An important issue that has caused the strike is that the MTA contract offer would pay new hires lower pension benefits. This is a strategy to divide the union and weaken it by creating a two tier system, with one set of workers having better benefits than another set. Also such a system provides a material incentive for management to harass older workers and to try to get rid of them, so as to replace them with lower paid employees. A serious grievance of transit workers is that they are already subjected to unjust disciplinary actions by management.

This is a fight over whether hard work will be rewarded with a decent retirement -- over the erosion or eventual elimination of health benefit coverage for working people.

Roger Toussaint.

The President of the Transport Workers Union of American, the parent union of the TWU, is reported to have said he wasn't in support of the strike and that the union should return to the bargaining table instead of striking. Without a strike, though, workers felt there was not much of a reason for the MTA to change the hardball tactics they were using against the workers. Toussaint explained:

The MTA knew that reducing health and pension standards at the authority would be unacceptable to our union. They knew there was no good economic reason for their hard line on this issue - not with a billion dollar surplus. They went ahead anyway.

Roger Toussaint

Toussaint also noted that the Mayor and the Governor have encouraged the hardline tactics of the MTA rather than supporting a serious effort to settle the contract dispute.

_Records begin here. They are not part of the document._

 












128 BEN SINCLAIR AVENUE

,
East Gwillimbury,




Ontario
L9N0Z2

The Union initially asked for an 8% wage increase each year, but reduced that to 6%. But they were committed to maintaining the same pension benefits for new hires as for older workers. A small wage increase of 3%, 4% and 3-1/2% in the 3 years of the contract was offered but as the new hires would have to pay more for their pensions, this would effectively give them an even lower wage than other union workers.

A rally was held on Monday in support of the transit workers. Some of the issues raised by transit workers as problems they have been faced with include the closing of toll booths and the reassignment of workers to cleaning and other chores, the large number of disciplinary actions against workers, and the proposal to eliminate the conductor on trains who is there to monitor what is happening with the train and the passengers. The sentiment among union members in the city is that they are fed up with management insisting on 'givebacks' and continually cutting workers' wages and benefits. Other unions said they would do what they could to support the transit workers.

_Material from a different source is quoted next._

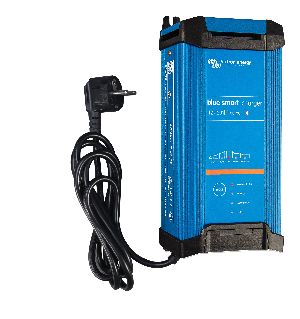 Blue Smart IP22 Charger 12V 20A (1) 230V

There is a law called the Taylor Law which prohibits public employees in New York from striking. The MTA has gotten a preliminary injunction from the New York State Supreme Court that will allow it to impose large fines on the union, and fine each worker two days pay for each day they strike. Also Mayor Bloomberg has filed a lawsuit asking that the workers be fined $25,000 each day they strike.

The transit workers feel that if they don't stand up for better working conditions when there is a surplus in the budget, that they will only be agreeing to ever worsening working conditions. The transit workers are in a stronger position than other workers in the city in terms of their ability to fight for better conditions. If they win the strike, that is a support for other workers in their fight for higher wages and better working conditions. If the transit workers agree to accept cutbacks in their benefits and even poorer working conditions, that encourages other employers to lower wages and benefits.

Toussaint said that the transit workers did not want to strike. They had let the deadline for the strike on Thursday pass, and continued to try to negotiate. The response of the MTA, however, was to continue to demand cutbacks from the union. The transit workers have called on all in the city to recognize their importance of the strike and "to rally in solidarity to show that the TWU doesn't stand alone."